Lo más singular de los festivales parece ser su fugacidad, como si por el hecho de ser culturales debieran necesariamente desaparecer pronto.
Mientras la institución del museo promete monumentalidad y durabilidad, pretendiendo ocupar la línea del tiempo infinitamente, la institución del festival renuncia al tiempo (que es brevísimo) para asentarse en la coordenada del espacio. No ofrece monumentalidad ni aseveraciones, sino una impronta más deleble, más reescribible, como esos CD que nadie usa.

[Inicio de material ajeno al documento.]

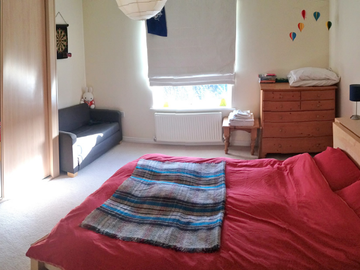 Roomlala | Ładny, cichy pokój dwuosobowy w wiosce niedaleko Bristolu
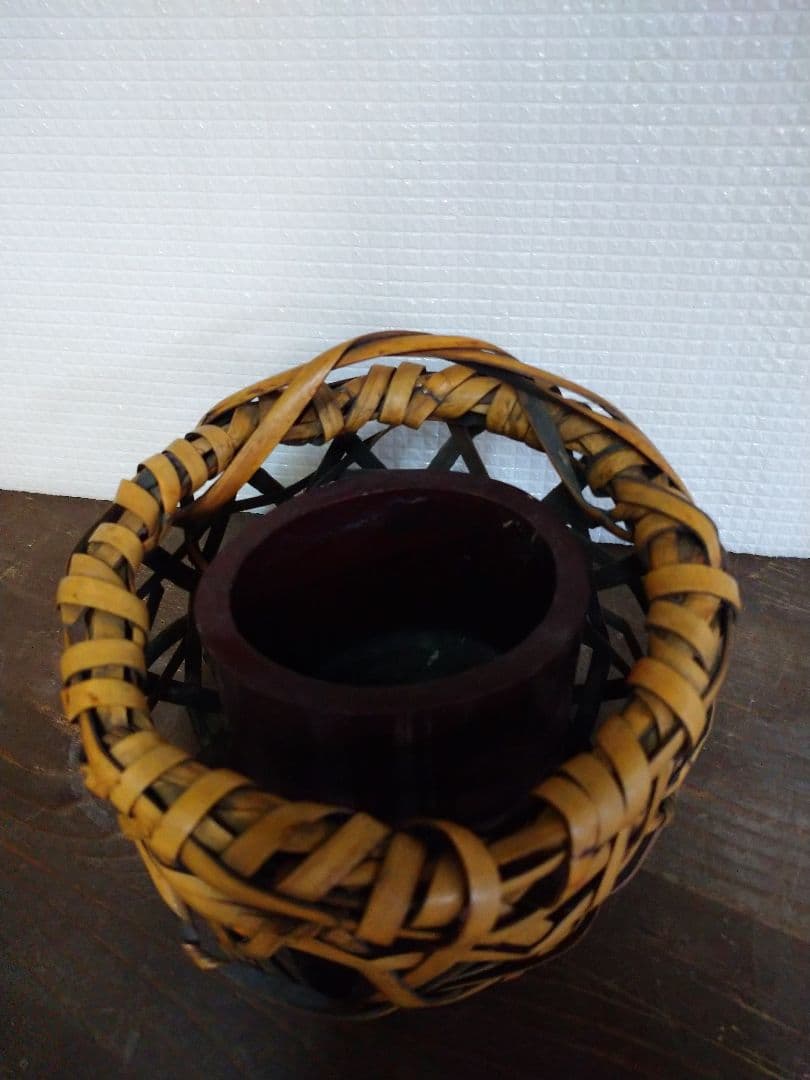 竹の花入れ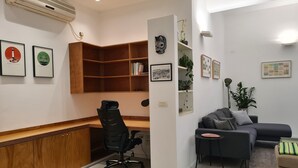 Living area - Sderot Chen 9 - By Beach Apartments TLV (Tel Aviv)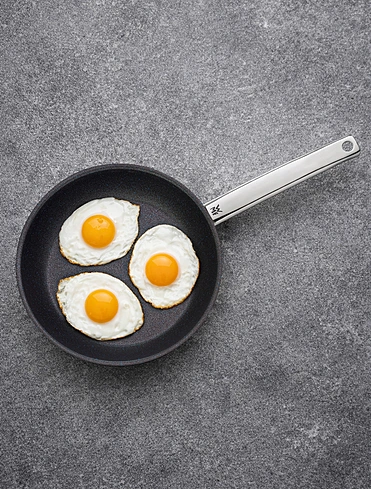 Сковорода универсальная PermaDur Advance, 24 см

Por eso es que el festival Espacios Revelados, que ya acabó, merecería gran difusión. Revelar sitios que la ciudad esconde debería servir para criticar, para pensar por qué los esconde. Federico León, por ejemplo, proyecta en un estacionamiento la última película que se dio sobre esa misma pared cuando el lugar reconvertido era un cine.

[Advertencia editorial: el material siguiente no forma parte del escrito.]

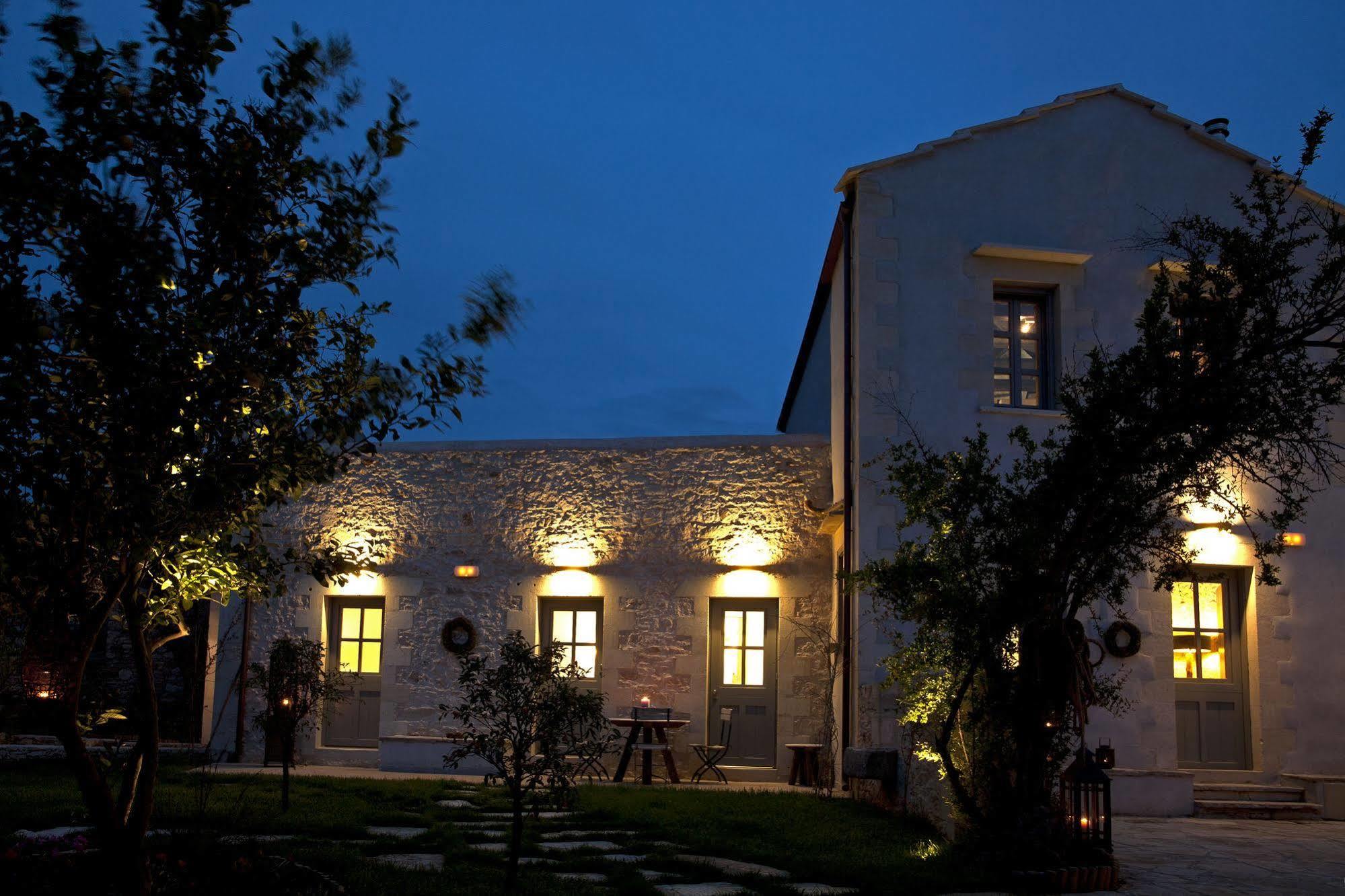 Athermigo Boutique Estate וילה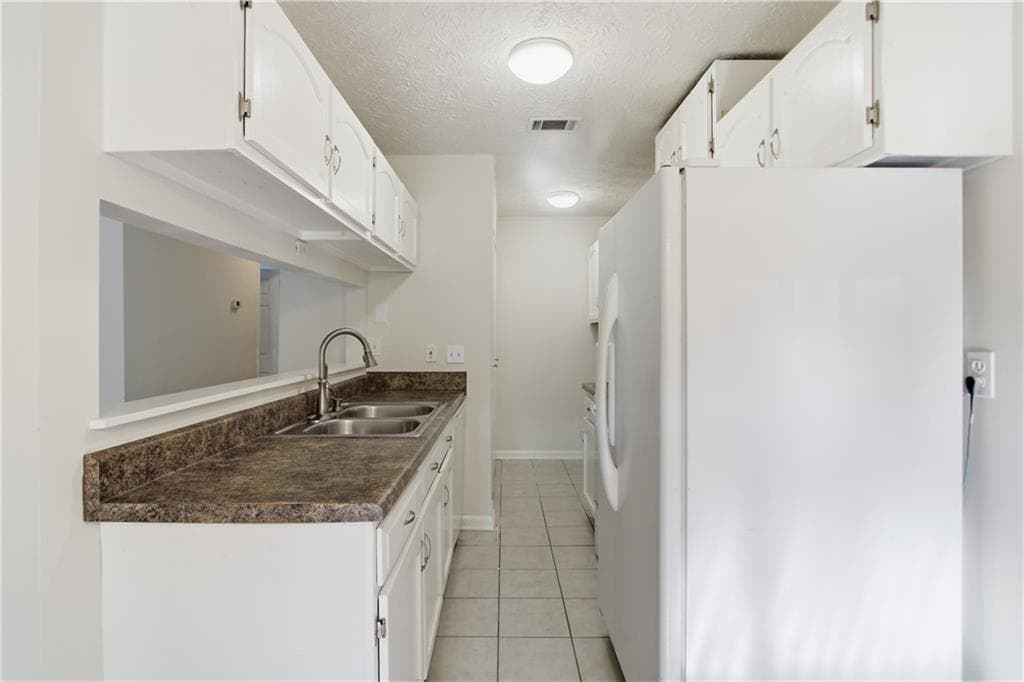 2 bedroom, 1 bathroom, 882 sq ft condominium for sale at 1329 Surrey Lane 7, Marietta, GA 30008 — photo 6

No pretendo reseñar la muestra sino apenas lamentar lo breve de su paso. De noche, el microcentro parece esa Nueva York donde uno como turista se saca fotos. El Palacio Tornquist es una joya absurda que –ya vacía– nos devuelve la fantasmal ilusión de la institución bancaria, un emplazamiento agónico y macizo concebido como monumento al dinero. No en vano Mariano Pensotti y Mariana Tirantte lo habitan de maquetas de casitas construidas sobre la descripción del sueño de gente real que imagina el mejor sitio para vivir, pero luego usan los techos de esas maquetas para transformar en eslogan publicitario los sueños de seres a los que nunca les llegó un crédito. O la banda musical SIMA instala en las bóvedas del banco abandonado en el Palacio Reconquista unos detonadores (casi botones antipánico) para hacer estallar las cajas de seguridad de los recónditos subsuelos enrejados, un Lugano I y II de cajitas para guardar joyas y riqueza, ahora sólo llenas de ruido de lluvia. Espacios mutantes, grandes artistas que señalan esa mutación: Tantanian, Forsythe, Arau, Mroué, Tellas, Isol-Zypce, Etchells, Catani y la lista es larga y buena.